I hope not to mope, life is pretty good - I am in a pretty great place - physically and mentally, and I want my posts to reflect that.

I also want to split my previous FB time between two things:

  1. Catch up on blogs that I have missed recently due to no time.
  2. Catch up on tech blogs to see what I have missed in the tech world whilst watching FB for inanities.
Let's see how well it goes :)

Sunday, 18 June 2017

Father's day

My first without one. I knew it was going to be tough, but wasn't prepared for how tough.

I've been in, or close and fighting back the, tears a lot today. Family weekend away, which was amazing. But watching the presents was just too tough.

My heart goes outto all who have lost theirs, either taken away or not in contact.

For those who still have one - geneite ervan, elke dag!

(Enjoy your time with them, every day!)

Friday, 16 June 2017

Back on the road

Two weeks ago I posted a picture of the bike stranded at the side of this road. Whilst waiting for the truck I took a couple of other pictures to pass the time. If you look carefully you can just see the mirror in this picture.

Today I went to pick it up! A new battery and a new mass air flow sensor (well a second hand one) and a new battery (seriously, how much!) and I’m back on the road! It took their mechanics half a day to find the fault and fix so I’m glad I didn’t do it :)

I picked it up and took it for a quick blast. Slow twisty roads, fast motorways and  very slow neighbourhood roads to get home. I loved almost every second of it. Almost.

At the worst possible time, 4th lane of a 130 kmph / 85mph motorway I noticed some fluff in my helmet. I was about bro open my visor to try and get rid of it when I saw that the fluff was black and yellow. You can imagine the language that went through my head (though not out of my mouth, I wasn’t going to risk that!)

Hazards on, head down so it doesn’t fall on me and get to the hard shoulder ASAP!

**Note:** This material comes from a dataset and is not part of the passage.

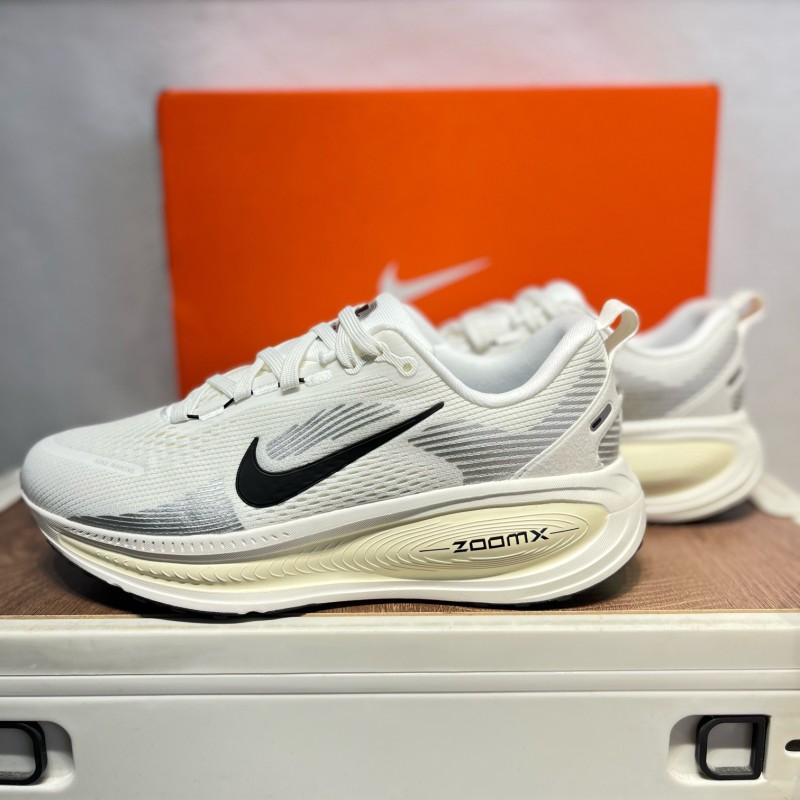 나이키 보메로 18 남녀 로드 러닝화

Thankfully it was dazed and so when I opened the helmet it just dropped into the grass verge and didn’t fly into my face!

Writing short stories

Whilst in the car yesterday, listening to one of my favorite albums I started to write a story in my head based on the titles of the songs as they came up. Some of them were more difficult than others, but as a quick creative exercise I was quite happy with the results.

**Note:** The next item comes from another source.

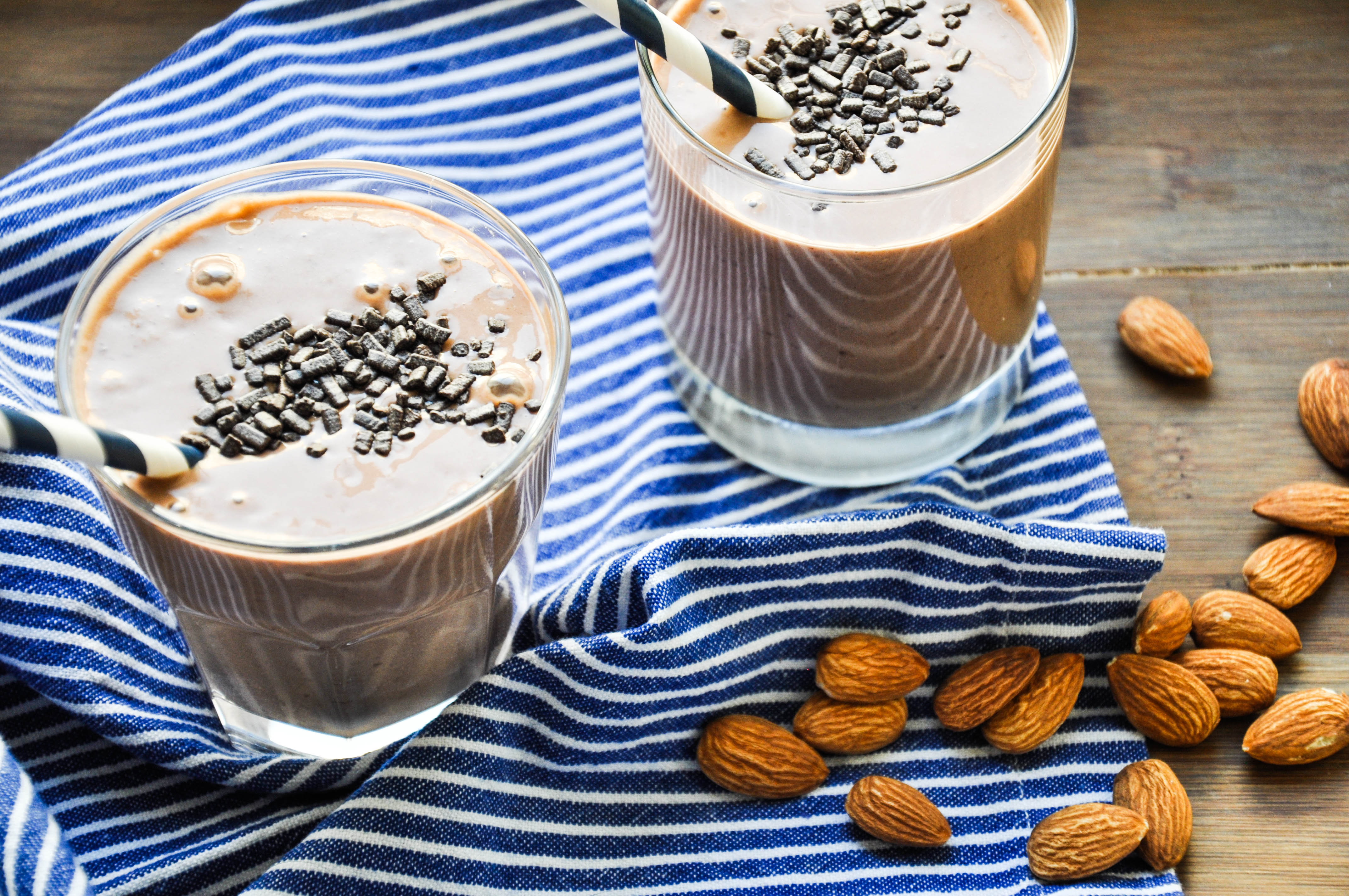 Schoko-Mandel-Shake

See if you can spot the album and band :)

"During my commute this morning I had traffic in a couple of places, but thankfully had music to keep me sane. It was a great album, made me feel new born to hear the songs again, absolute bliss! Not talking space dementia here, but hyper music! I just thought “oh, plug in, baby, and whack the volume up!” I felt sorry for anyone who I disturbed with the music, but for those songs I was a citizen erased! The problem with a loud stereo though is that after a couple of songs your ears feel like they have micro cuts in them! But I didn’t care I was glued to the music like a screenager is glued to a phone, I could feel the dark shines in my soul! It truly left me feeling good! Like we should embrace futurism, building the future together and ensuring that megalomania never takes hold!"

Monday, 12 June 2017

What is quintessentially English?

I got a request from my sister in law from a school on Sunday about whether I have anything that is quintessentially English​. She let slip that she had an English sister in law when they were talking about a current project for the children and she let slip that she had an English sister in law, and of course I was asked if I could help.

The only thing is what do I have that is quintessentially English? I wear 50s pinup fashion that is more American than English, drive a Swedish car and live in The Netherlands.

I do eat some English food, but is that really going to be seen as quintessential? Would a young child know that a particular brand of tea is English? Or a brand of pickle? Probably not…

I have a library full of books. But, again, that is not much use to a young child.

What I did have at my office is a flag bought for a world food fair that IT out on a few years ago. And a red phone box cookie tin that I got to treat the office with when I lastwent back to the UK.